Le commissaire Baerlach, de la police fédérale de Berne, celui-là même de Le juge et son bourreau, va être prochainement à la retraite ; il est hospitalisé avec un cancer lui laissant espérer encore un an de vie. Son ami et médecin le docteur Hungertobel lui transmet un soupçon qui paraît invraisemblable : le docteur Emmenberger, qui dirige une clinique pour patients fort riches, serait-il Nehle, médecin du camp de Stutthof où il pratiquait des opérations sans narcose (avant de se suicider en 1945) ? Baerlach imagine que Nehle aurait pu changer d’identité avec un autre, et se fait hospitaliser dans la clinique du docteur Emmenberger, où il entreprend de démasquer ce dernier en se présentant comme un chasseur de nazis.
C’est en fait, outre une intrigue finalement peu plausible, une réflexion sur l’humanité, le Mal et la justice, centrée sur l’horreur nazie (Dürrenmatt précise que les victimes de Nehle acceptaient la torture par espoir insensé de survivre.)
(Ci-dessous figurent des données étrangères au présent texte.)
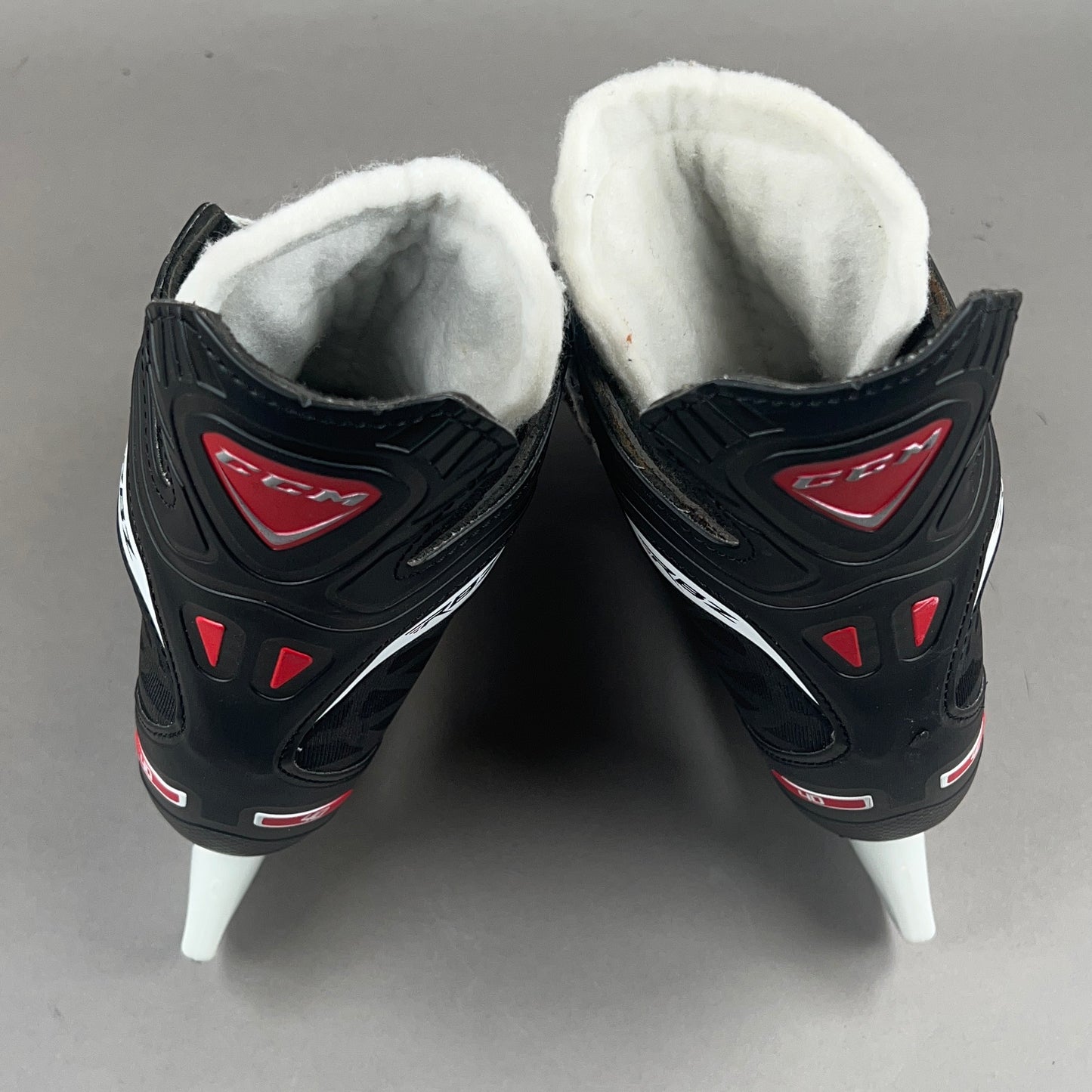 CCM RBZ 40 Size 4 Intermediate Hockey Skates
Des personnages étonnants surgissent, tels que le colosse Gulliver, une sorte de mystérieux Juif errant rescapé de tous les camps, Ulrich Friedrich Fortschig, écrivain malheureux et journaliste éditant La Flèche de Guillaume Tell, une feuille intermittente de protestation attaquant les puissants, et aussi un nain.
J’ai apprécié que Gulliver considère qu’on peut juger les gens, pas les peuples...
« …] et le monde était surtout mauvais par indifférence, et tout allait de mal en pis du fait de cette indifférence. »
… et trouvé dans ce (faux) polar métaphysique une définition qui pourrait être celle de l’écrivain :
« Le criminaliste a pour premier devoir de mettre le réel en question, affirma le commissaire. »
J’ai pensé à Poe et Michel Rio (et que ce n’était pas le meilleur de Dürrenmatt).